Expect to pay a little more for good Pinot Noir than for most other varieties. Village level wines from Burgundy can actually be reasonably good value and can be found in the $20 to $40 range. Chile produces some outstanding bargains with very good quality wine to be had in the lower end of that range. Australia is just starting to come on with very good Pinot and is reasonably priced. Oregon and California are producing Pinots that start around $30 for regional wines and about double that for vineyard designate wines. Top New World Pinot Noir will run at $80 and up, similar to Premier Cru Burgundy. Grand Cru Burgundy, of which there is precious little probably starts a round $200 and pretty quickly gets up to multiples of that number with the more collectible names selling for well into the thousands, especially in the stronger vintages.

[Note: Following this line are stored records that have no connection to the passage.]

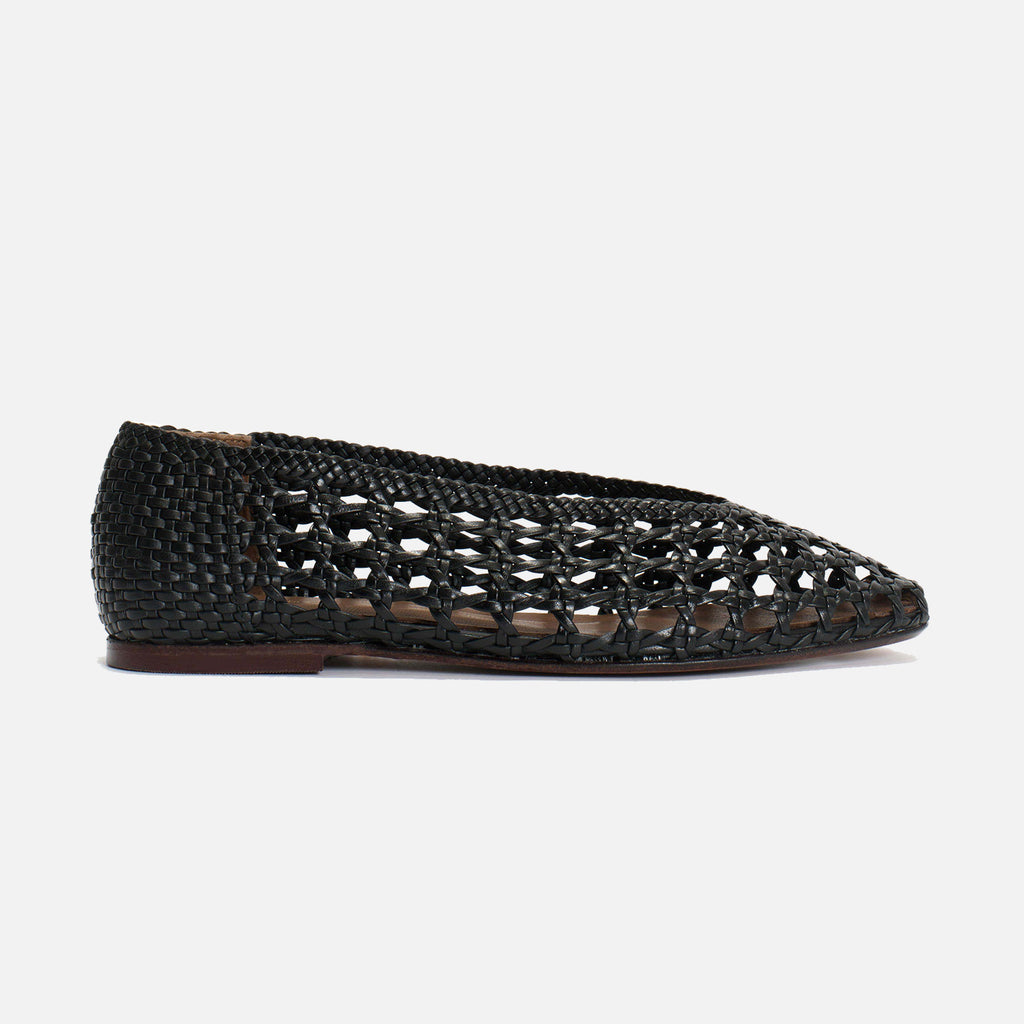Sessi 10 Hand-braided Leather Ballerina Black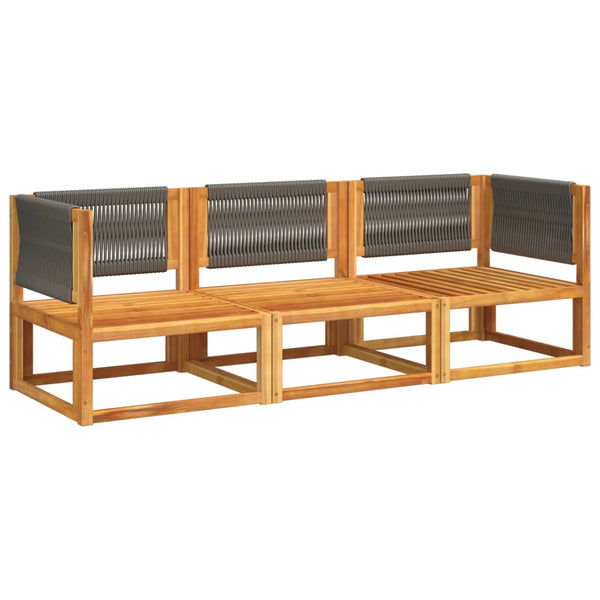 3-tlg. Gartensofa-Set Akazie mit Kissen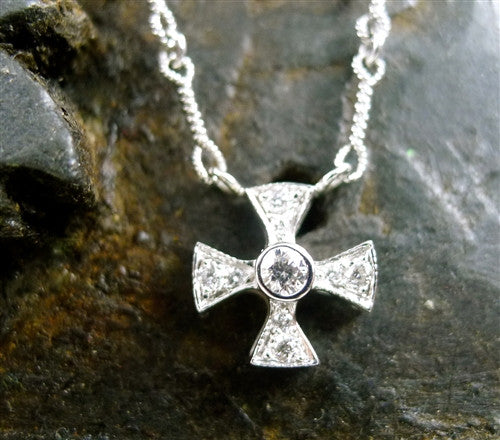 Jude Frances 18K White Gold and Diamond Maltese Cross Necklace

We have visited many Pinot Noir wineries in Oregon and California. Some of our favourites include:
At one time Pinot Noir was known as the “masochists grape”. This was before the New World had really begun to produce great Pinot Noir and Burgundy could be prone to poor weather at harvest. The result was having a sublime experience with a Pinot and buying the same wine the following year only to be bitterly disappointed. Better techniques in the vineyard and more heat during the growing season have largely taken that name out of use. Today Pinot can be very consistent in terms of quality and is capturing new fans regularly. And we at AdVINEtures certainly put ourselves in that category!